Hunsrück: The best is often closer than one thinks.

The recipe for happiness: a weekend of leisure, a few fill-ups of fuel and your motorcycle with the most essential luggage. The goal?

Small winding roads only a stone's throw away from your own front door with the potential to make you dizzy.

Special about the strange times we’re living in is certainly that you have more attention for the small and local things. There is hardly any other way. Our travel radius has shrunken within a very short period of time and even now, even with many borders passable, it is questionable whether longer or even long trips make sense. 

To escape the lockdown blues I spread out the map of my close neighbourhood and started to merge the smallest and most winding roads into a ride that – on paper – promised to present something special.

The ride leads the Hunsrück, a small, sparsely populated low mountain range in western Germany flanked by the rivers Rhine and Moselle. These vineyards on steep river slopes – the perfect symbiosis of man and machine - are supposed to provide a two-day rush.

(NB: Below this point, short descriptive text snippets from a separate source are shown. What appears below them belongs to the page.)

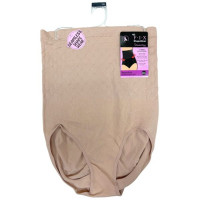 Hi Waisted Shapewear Briefs in Plus Fit in Nude Color Assorted in Xl XXL XXXL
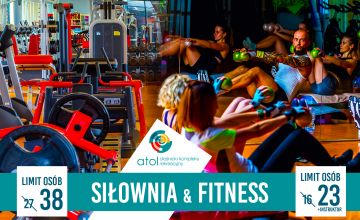 Zmiana limitów - siłownia & fitness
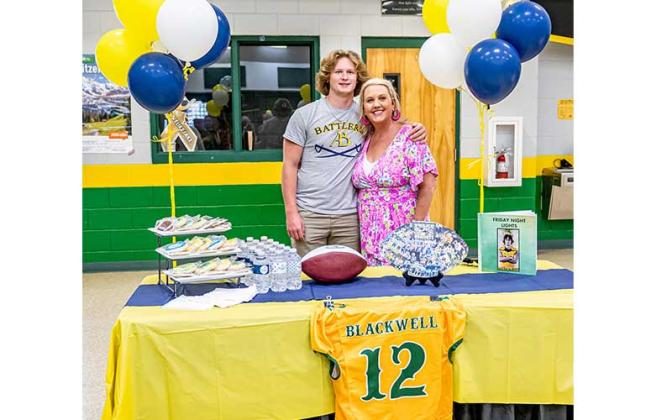 Signing day at Yulee High School. Photo by Penny Glackin/Special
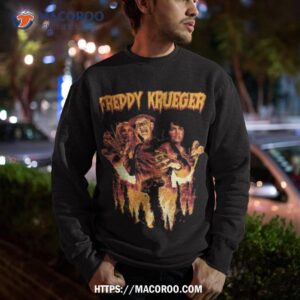 classic freddy krueger slasher shirt sweatshirt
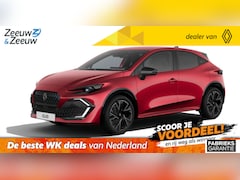 Renault Clio - Hybrid 160 esprit Alpine | NU met €1.800, - Zeeuw & Zeeuw voorraadkorting | 5 jaar Gratis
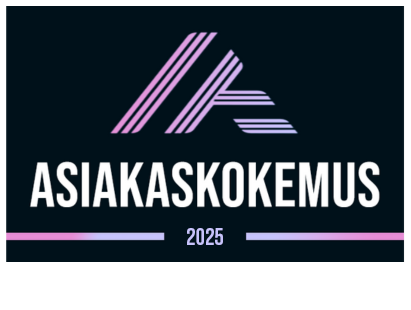 Asiakaskokemus -tapahtuman logo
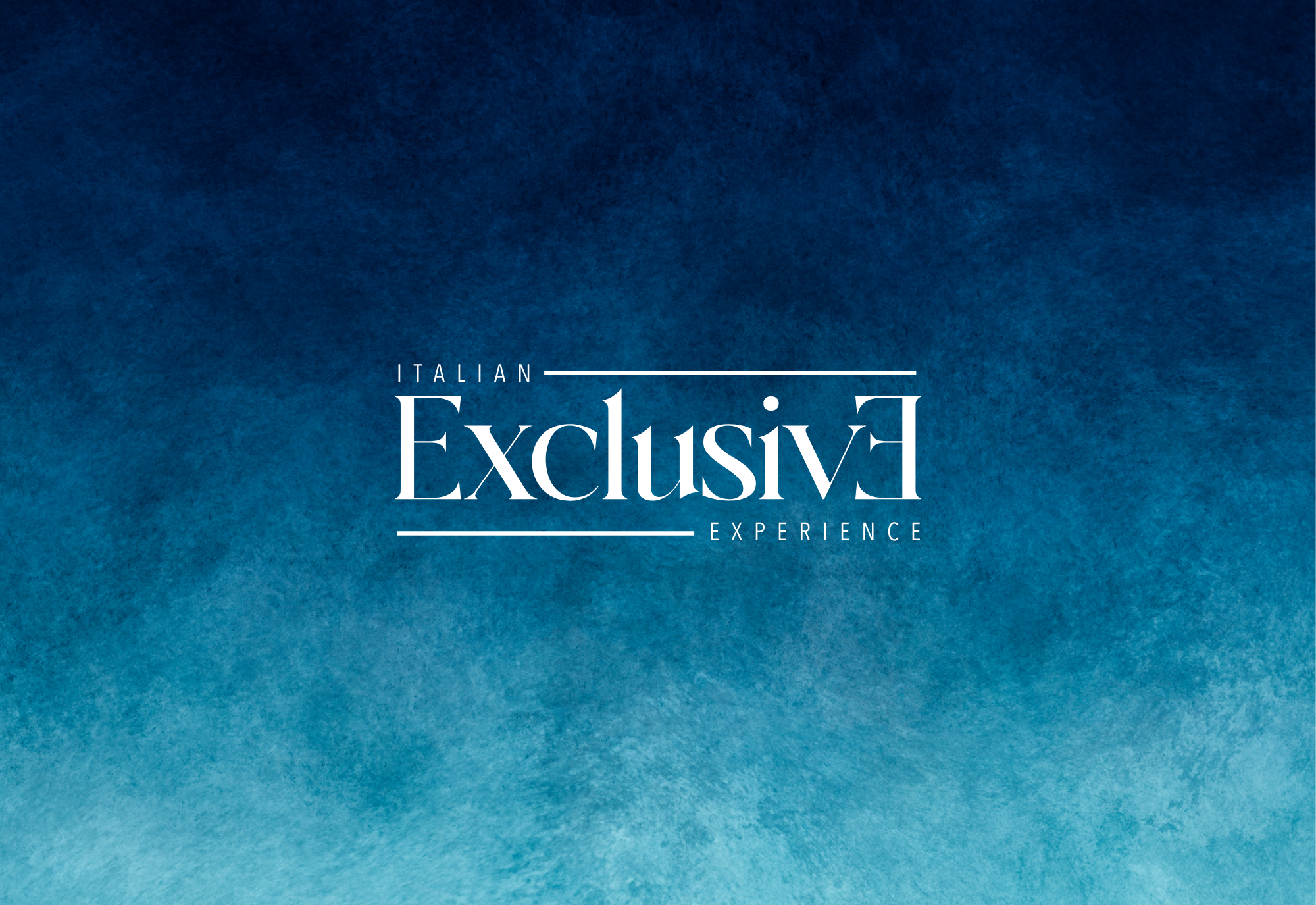 Italian Exclusive Experience logo, luxury destination management company in Northern Italy and sister company of MC Eurodriver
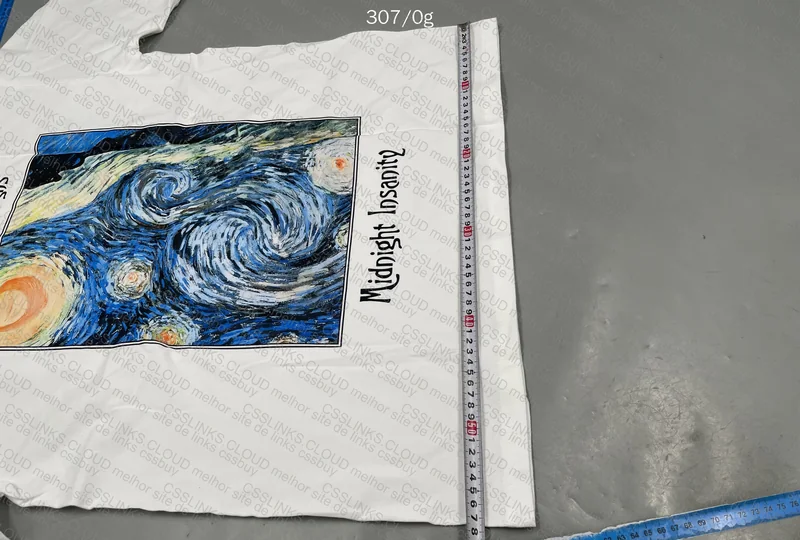 Stussy Shirt Van Gogh 9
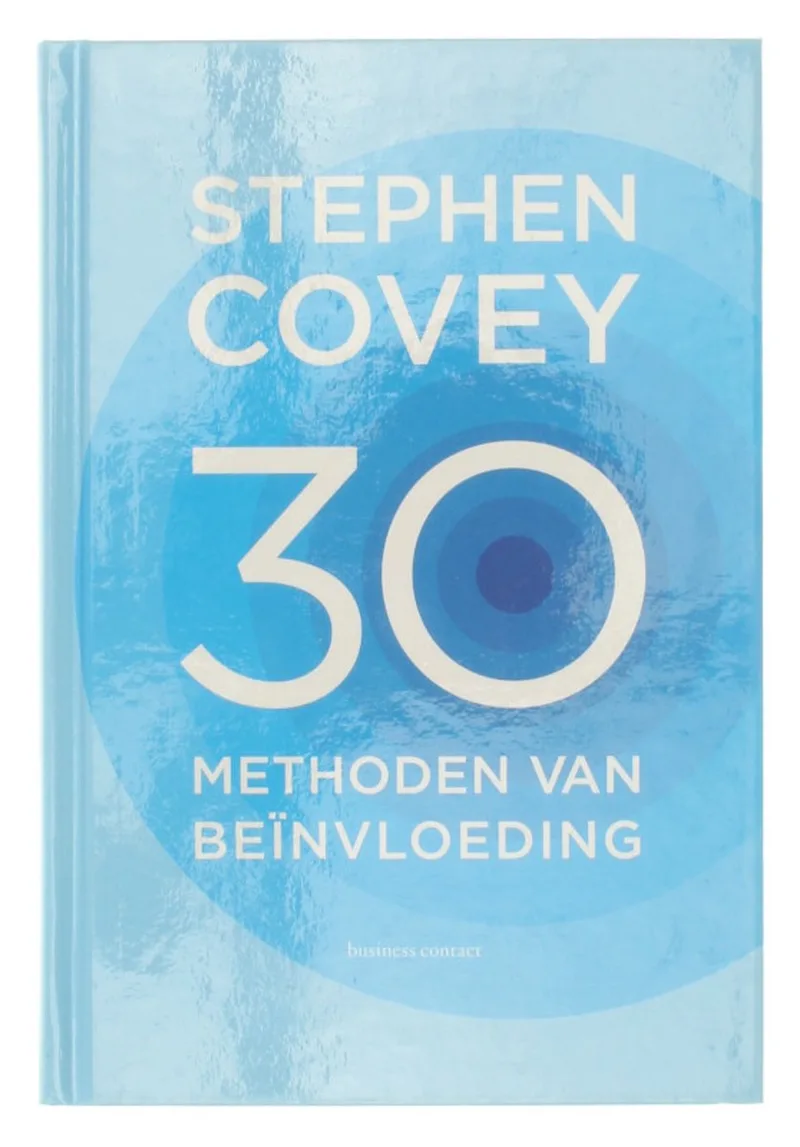 30 methoden van beïnvloeding von Business Contact – Buchfoto
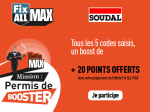 Prêt à relever les Défis MAX avec Fix ALL® ?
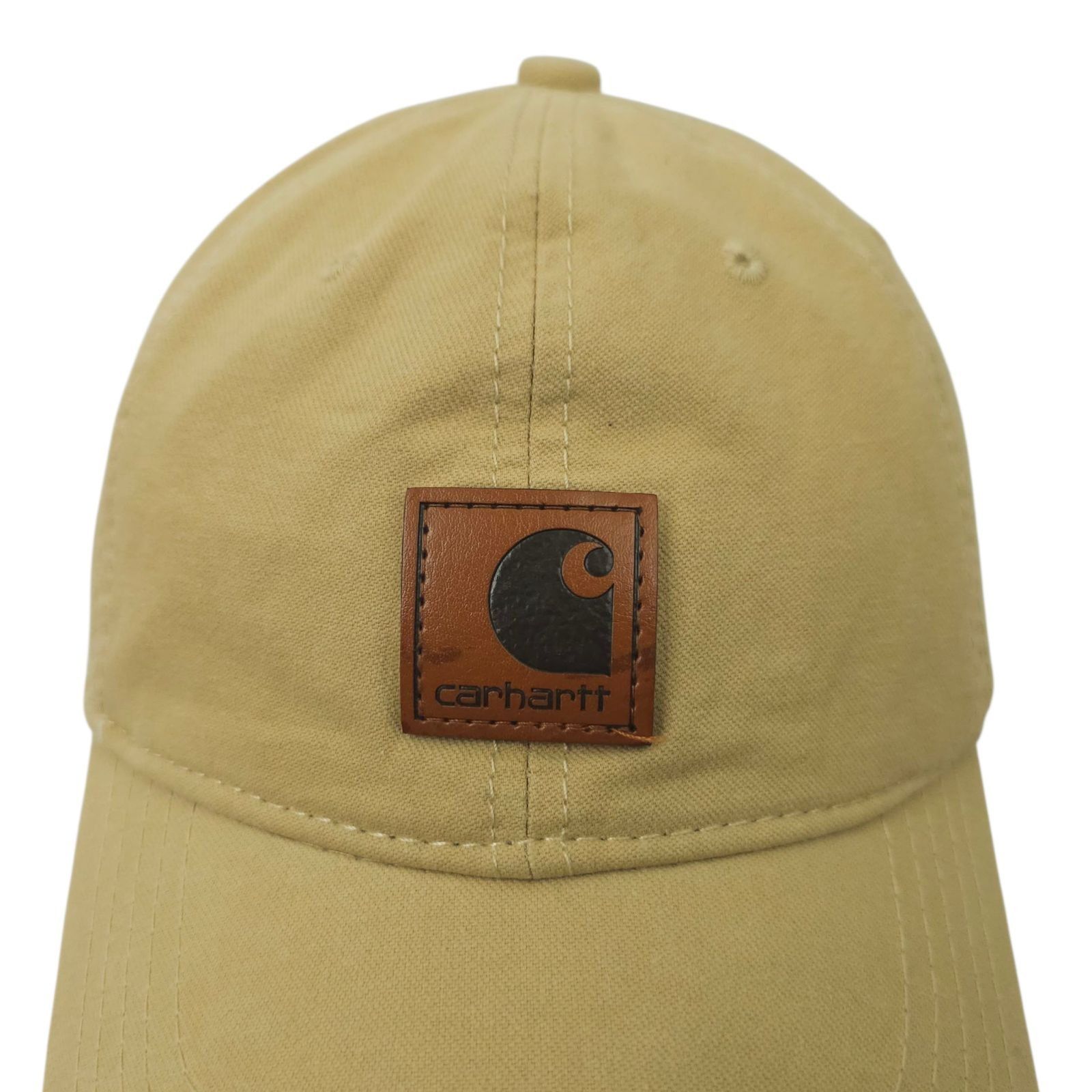 Carhartt Carhartt Strapback OSFA Cap Hat Trucker Baseball Logo Patch Size ONE SIZE - 7 Thumbnail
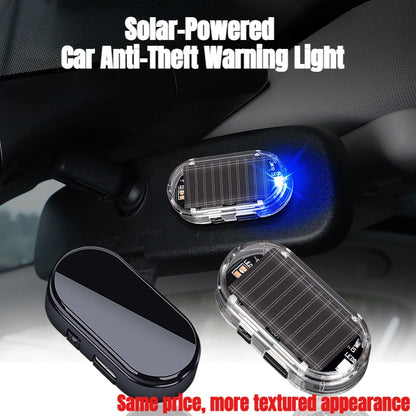 solar-powered anti-theft Warning Wireless Strobe Simulated
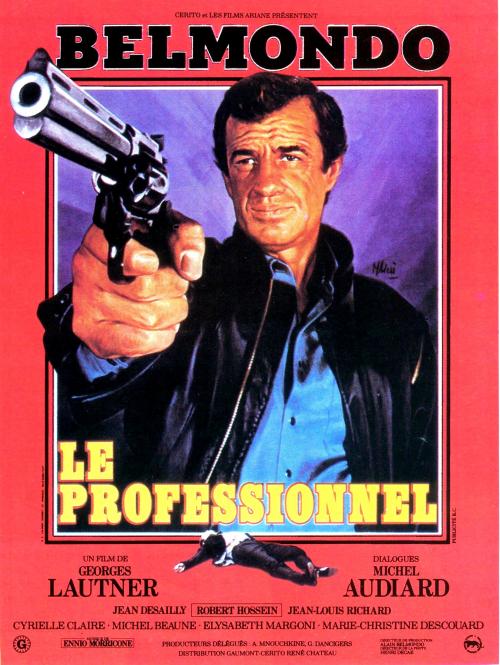 LE PROFESSIONNEL - JEAN PAUL BELMONDO BOX OFFICE 1981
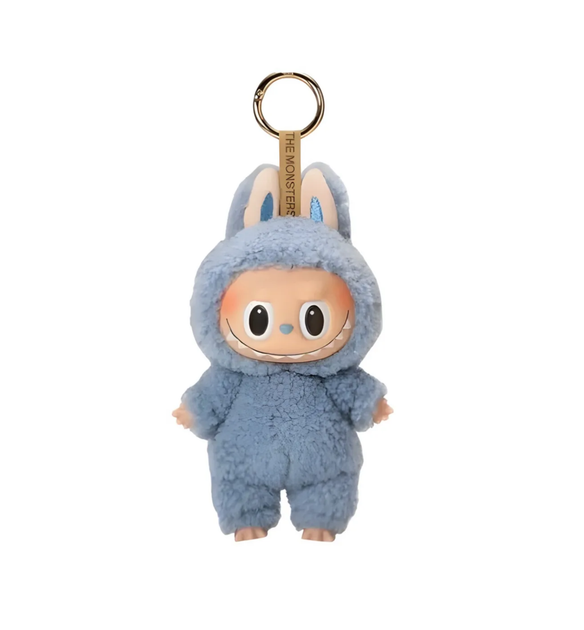 Мягкая игрушка-сюрприз Labubu Лабубу – 16 см брелок на сумку - Фото 8 Мягкая игрушка-сюрприз Labubu Лабубу – 16 см брелок на сумку - изображение 8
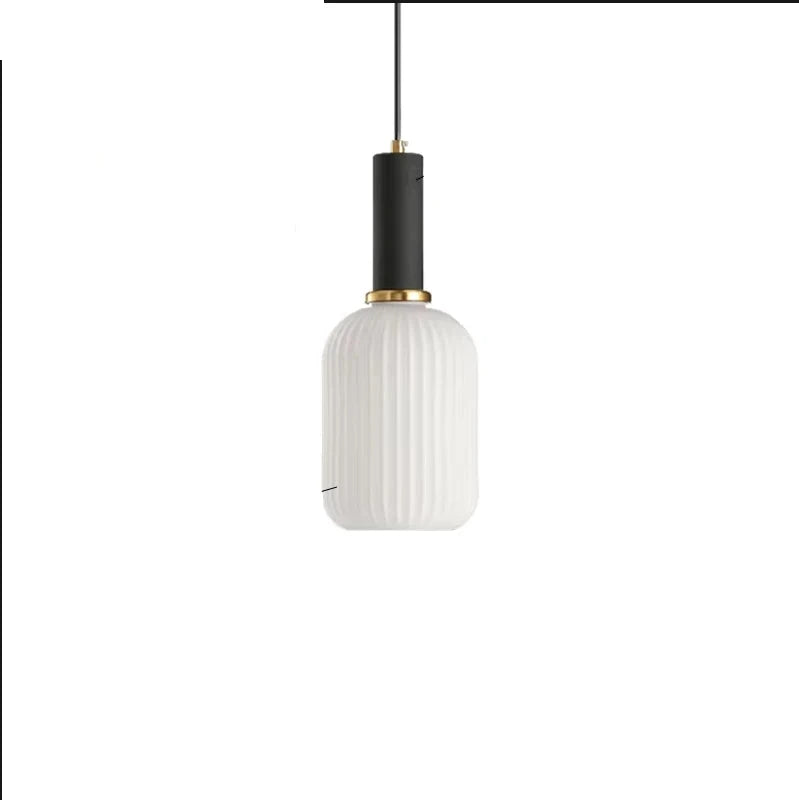 Lampe en verre soufflé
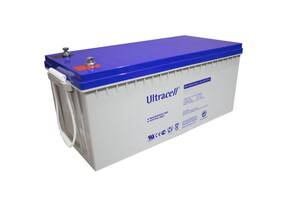 Аккумуляторная батарея Ultracell UCG200-12 GEL 12V 200 Ah White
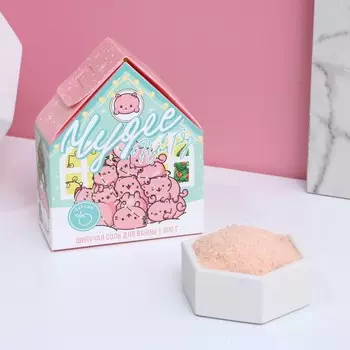 Соль для ванны с сухой пеной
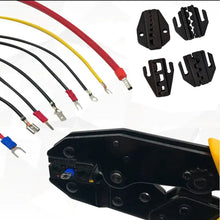 Load image into Gallery viewer, 5 jaw Crimping Pliers Cold Pressed Terminal Hand Tools Set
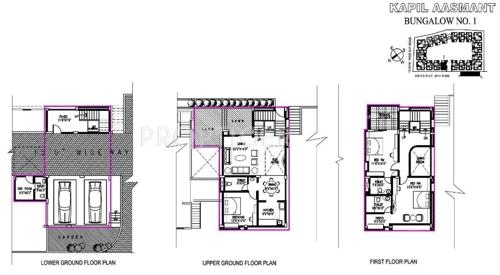 Shree Bal Kapil Aasmant Villas (3BHK+3T (3,018 sq ft) + Servant Room 3018 sq ft)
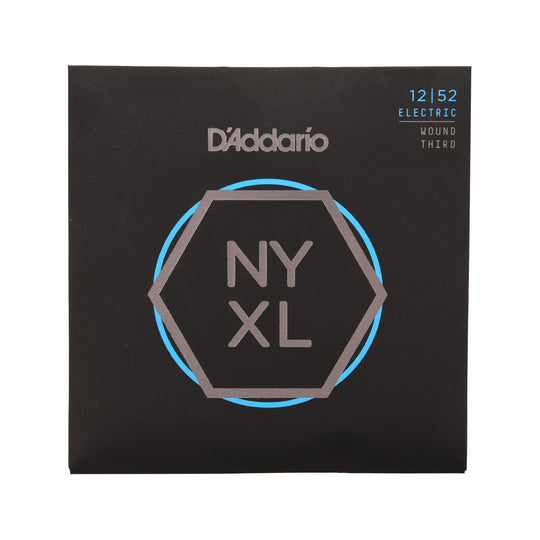 D'Addario NYXL Electric Guitar Strings Lite Wound Third 12-52 Accessories / Strings / Guitar Strings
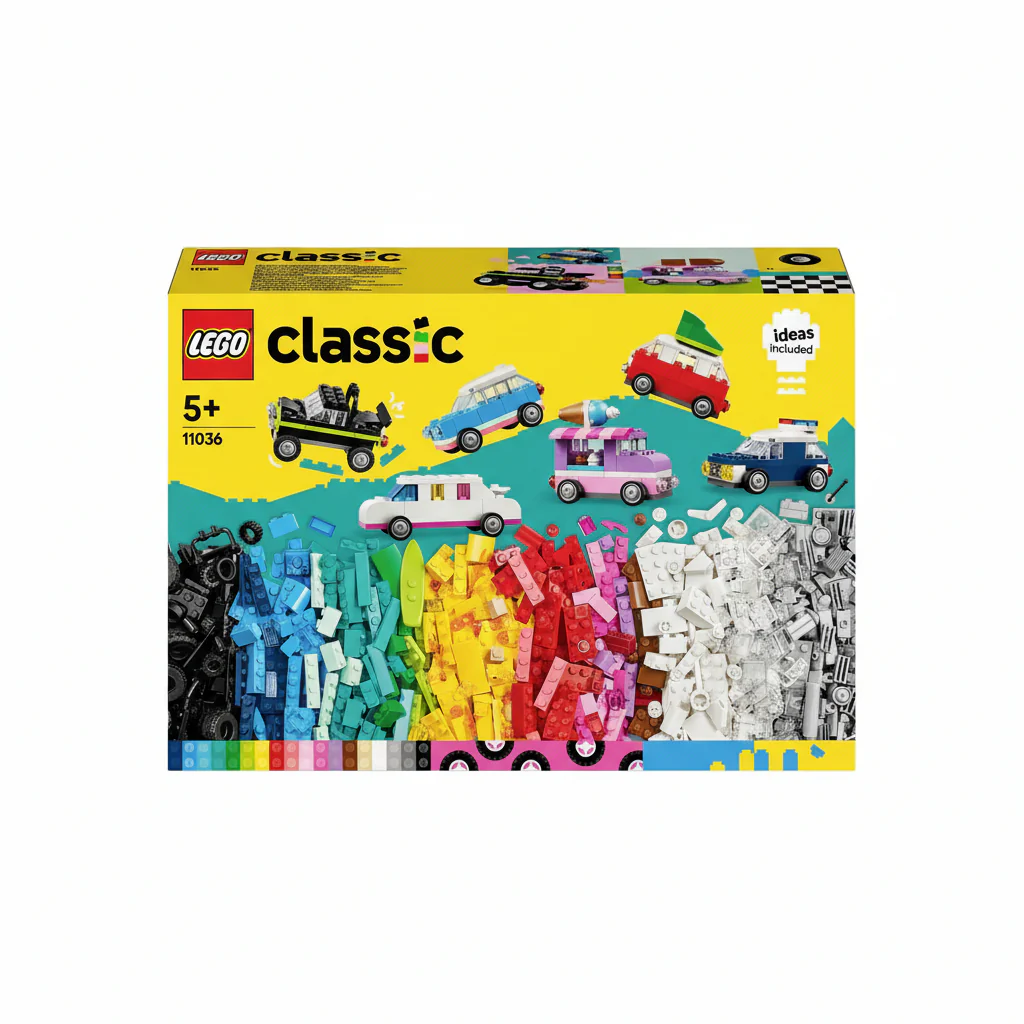 Lego Classic Creative Vehicles 11036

The ride starts at banks of the river Rhine. The perfect spot to warm up the tires. The Middle Rhine Valley is an UNESCO World Heritage Site and is home to the highest density of medieval castles, palaces and fortresses. There is an old wall on every hill between Koblenz and Bingen.

From Boppard the route climbs up. The Hunsrück is calling and the world is getting sideways. There are hardly any straights left on the partly single-lane roads. Curves are speeding towards me, the brake points are in place, fields and woods disappear as green smears on the edge of the visor.

The sky opens up. What a vastness! The bends get wide, the country road is perfectly paved and leads to the horizon. Low hanging clouds travel quickly over the landscape, giving the summer sky a beautiful contour; they chase shadows over the ripe fields. What a day to ride a motorcycle.

On the Moselle, the Hunsrück and Eifel shake hands and impressive river loops alternate with fast mountain sections. From above the river looks like the southern side of the Swiss Maloja Pass and winds its way in tight loops between the low mountain ranges.

The Hills around the villages are almost completely covered with vineyards, which are typical for the region.

The juice of the vines not only holds together the souls of wine lovers around the globe, but also sustainably lubricates the tourist engine. This is a matter of superlatives, because the world's largest continuous Riesling cultivation area stretches along the Moselle slopes, and at the same time the region is the largest steep-slope cultivation area in the world. The vines, which thrive on slate and shell limestone, stretch out towards the sun on slopes that are up to 65 degrees steep. The predominantly white wine is in demand, guests come from near and far. 

The next mountain stage is calling me.

I shift down twice and shoot up the Hunsrück again. The area here is sparsely populated and an El Dorado for all those whose flow of traffic should remain undisturbed by town signs. A wonderful contrast to the frequented river valleys. Poppies and sunflowers grow in the fields and as the engine silences for a moment I listen to the midsummer insect concert.

In Mörsdorf it is worth to leave the motorbike and walk to the 360 meter long Gaierlay hanging rope bridge. Not without reason this impressive construction is a rather popular Instagram motive.

The road layout around Cochem and Treis-Karden is unique. Here again, curve after curve is lined up and the views over the river valley are often breath-taking. The partly single-lane roads literally stick to the slopes and exposed serpentines let you look deep down, almost like in the high mountains. From here, detours to the Eifel are also tempting, but that is actually a completely different story.

The route leads back eastwards over tiny asphalt strips, crossing a main road here and there or passing through a village.

From the mountain ranges above the Rhine you can get a glimpse of the place from which a beguilingly singing woman is said to have been the fate of many a skipper. She was called Loreley, the femme fatale of the Middle Rhine. According to the legend, the breath-taking blonde sat on the rock named after her, coiffed her flowing hair with a golden comb and sang so sweetly that it almost turned the heads of the boatmen on the Rhine. Visually and acoustically captivated in this way, they steered their barges one after the other onto the treacherous rocks and sank with man and mouse into the waters.

It is probably an irony of fate that in 2003 of all years a passenger ship of the same name ran aground in front of the cliff.  

The area is not embarrassed by such stories and there are curious myths almost as many as there are curves.

In Sankt Goar I cross the Rhine by ferry in the shadow of the Rheinfels Castle. Boats are the only way between Koblenz and Wiesbaden to reach the other bank of the river with dry feet. There are no bridges on the almost 100 kilometres. Seagulls screech in the evening light and there is an almost maritime atmosphere.

The weekend is coming to an end and the trip counter of my Honda is almost 500 kilometres richer. It's amazing what you can experience on a weekend almost on your own doorstep.